_Provided data_
________
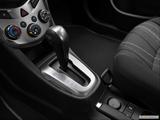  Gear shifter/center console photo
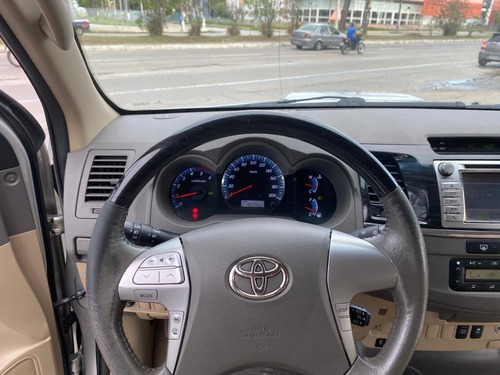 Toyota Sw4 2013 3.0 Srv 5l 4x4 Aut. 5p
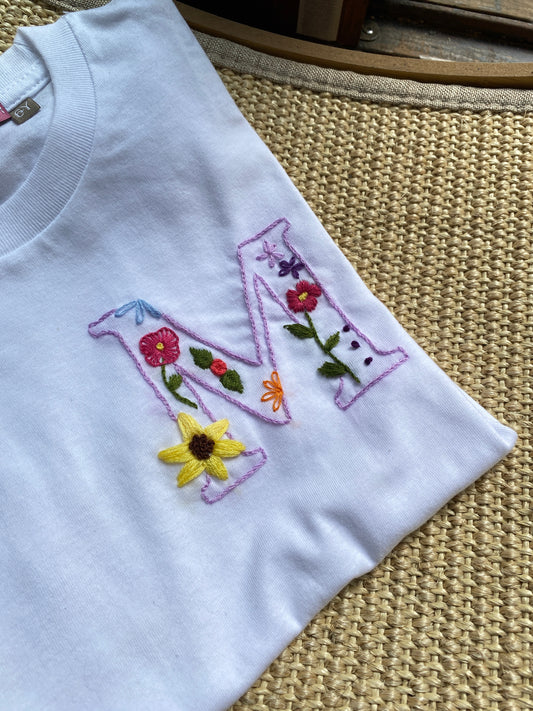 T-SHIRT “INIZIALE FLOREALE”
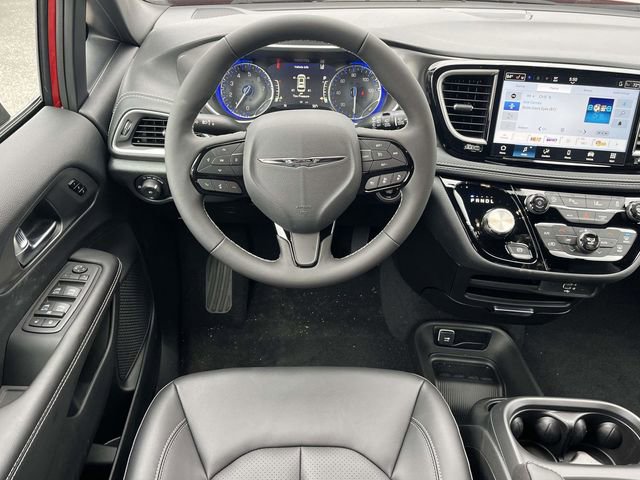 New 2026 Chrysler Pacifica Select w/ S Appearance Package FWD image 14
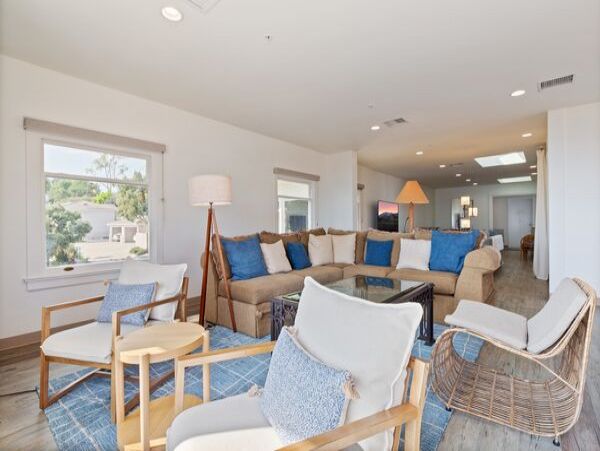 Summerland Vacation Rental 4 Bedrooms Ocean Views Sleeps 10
________
Print the whole listing exactly, please, and keep any images out of it.

_Answer for this exercise_
  Gear shifter/center console photo
 Toyota Sw4 2013 3.0 Srv 5l 4x4 Aut. 5p
 T-SHIRT “INIZIALE FLOREALE”
 New 2026 Chrysler Pacifica Select w/ S Appearance Package FWD image 14
 Summerland Vacation Rental 4 Bedrooms Ocean Views Sleeps 10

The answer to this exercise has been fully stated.